Еще не хватало, чтобы в наши дела вмешалась вся эта рать с одной стороны и Августин с другой, подумал я про себя, но вслух сказал:

– Тебе нужно более спокойное место работы, а здесь становится не вполне безопасно. Что если я предложу тебе более просторную мастерскую в Виньене, а точнее, в королевском дворце?

– Ты шутишь, наверное, Эдвин, – пробормотал Марсель, опустив глаза в пол. Предложение, явно, его прельщало, но он боялся в этом признаться.

– Там у тебя будет все необходимое, я об этом позабочусь, – продолжал настаивать я. – Разве плохо быть другом короля в спокойной процветающей стране, где нет ни теней, ни инквизиции?

– А что подумают обо мне при дворе, решат, что я только что приехал из деревни? – Марсель критически оглядел себя и, кажется, вздохнул.

– Мы оденем тебя по последней моде, и ты сам станешь вельможей, – какое простое решение. На Марселя можно было бы одеть хоть мантию министра, он бы все равно остался робким юным художником.

– Я боюсь, – наконец честно признался он. – Боюсь оставить это место, где встретил тебя, и того, что при дворе ты станешь недостижимым, и не будет больше дружбы и никаких волшебных тайн. Все волшебство, которое я в тебе вижу, будет скрыто от меня так же, как от той роскошной придворной толпы, среди которой я окажусь.

А Марсель был куда проницательнее, чем я о нем думал. Неужели он пренебрегает Виньеной, лишь потому, что хочет отправиться вслед за мной в ту империю, где я полновластный хозяин навеки. Земная страна, ее богатство и власть преходяще, а та держава, куда смертным путь закрыт, неизменна вовеки, и если Марсель вступит туда сейчас, то навсегда останется таким же молодым, каким я видел его в этот миг. Может, действительно, взять его с собой туда, но каково будет его удивление, когда он поймет, что попал в гости к дракону. А рано или поздно он поймет. Сам бы я мог скрыть от него правду, но мои услужливые подданные все равно проговорятся, причем не для того, чтобы навредить, а из желания похвастать. Разве запретишь им хвалиться тем, что их повелитель всемогущ?

– Я дам тебе время на раздумье, – пообещал я Марселю, хотя не был уверен, есть ли у нас это время, или же нечисть из склепа превратит нашу жизнь в кошмар уже сегодня ночью. Надо будет начертить над окном и дверью побольше колдовских формул, запрещающих посторонним вторгаться в тот дом, который я избрал убежищем для себя и своих приближенных.
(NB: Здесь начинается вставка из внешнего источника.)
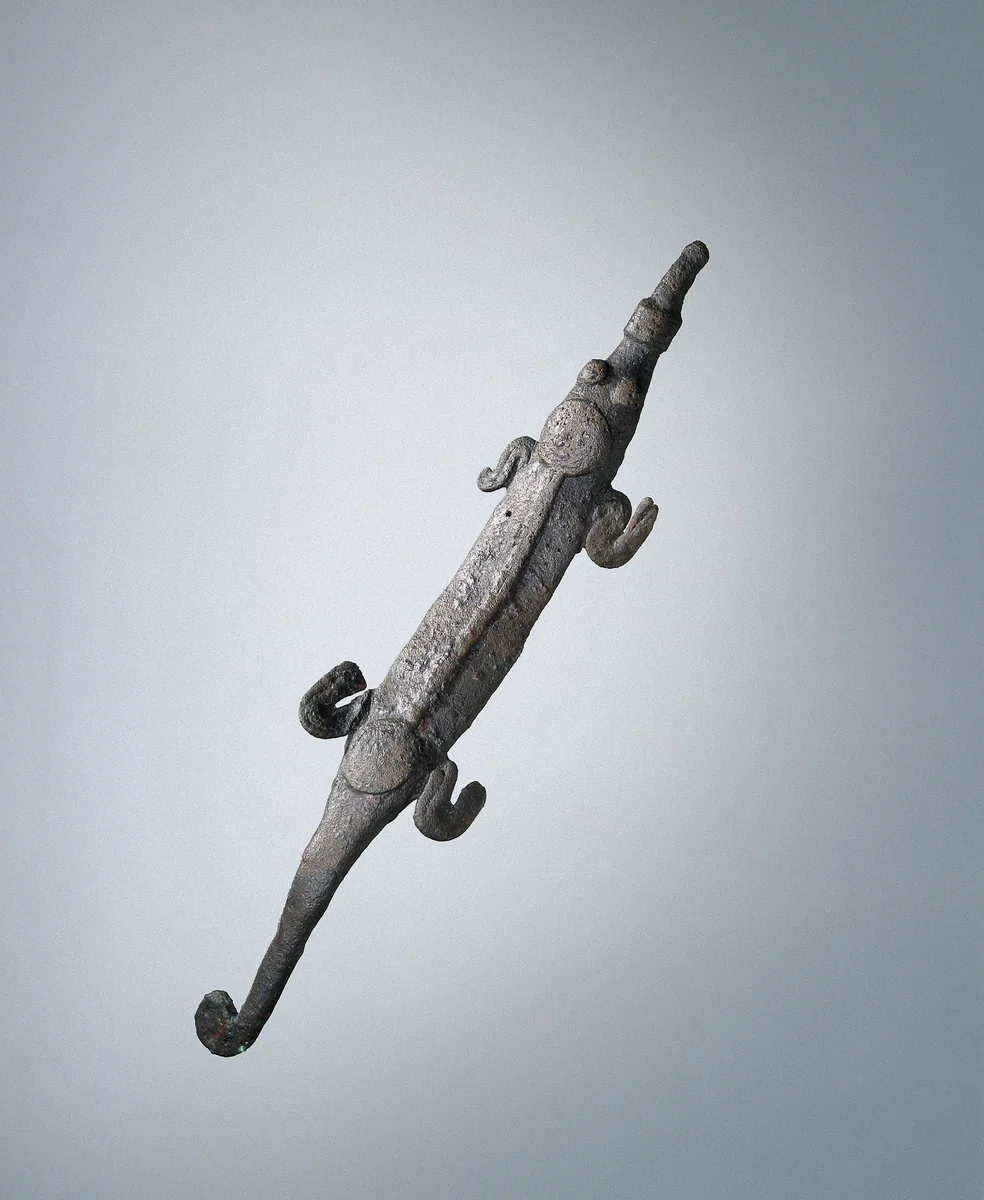 Applique by anonymous, textile, -600--100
– Подумай хорошенько над моим предложением, Марсель, – посоветовал я и тут же упрекнул себя за излишнюю настойчивость. Я предлагал ему занять одно из высших мест при королевском дворе с таким рвением, будто на самом деле пытался заманить его в бездну, но, с другой стороны, разве договор с демоном, хоть и обещающий временную роскошь, не увлекает в конечном итоге человека к гибели. Наверное, Роза назвала меня именно демоном, когда говорила Марселю в его снах, что, общаясь со мной, он совершает тяжкий грех, расплатой за который должна стать его смерть.

– Я надеюсь, ты примешь верное решение, – уже мягче добавил я. – Но, во всяком случае, знай, даже если бы я был более темной и коварной силой, чем утверждает твоя царица, я бы все равно не желал тебе зла, потому что ты единственный в этом мире, с кем я могу ощутить духовную близость, наверное, благодаря твоей необычности, твоему разительному отличию от всех людей, твоему таланту…

– Только поэтому? – тихо переспросил Марсель. Он, явно, ожидал большего, какого-то особенного признания и хотел в чем-то признаться сам, но не находил слов.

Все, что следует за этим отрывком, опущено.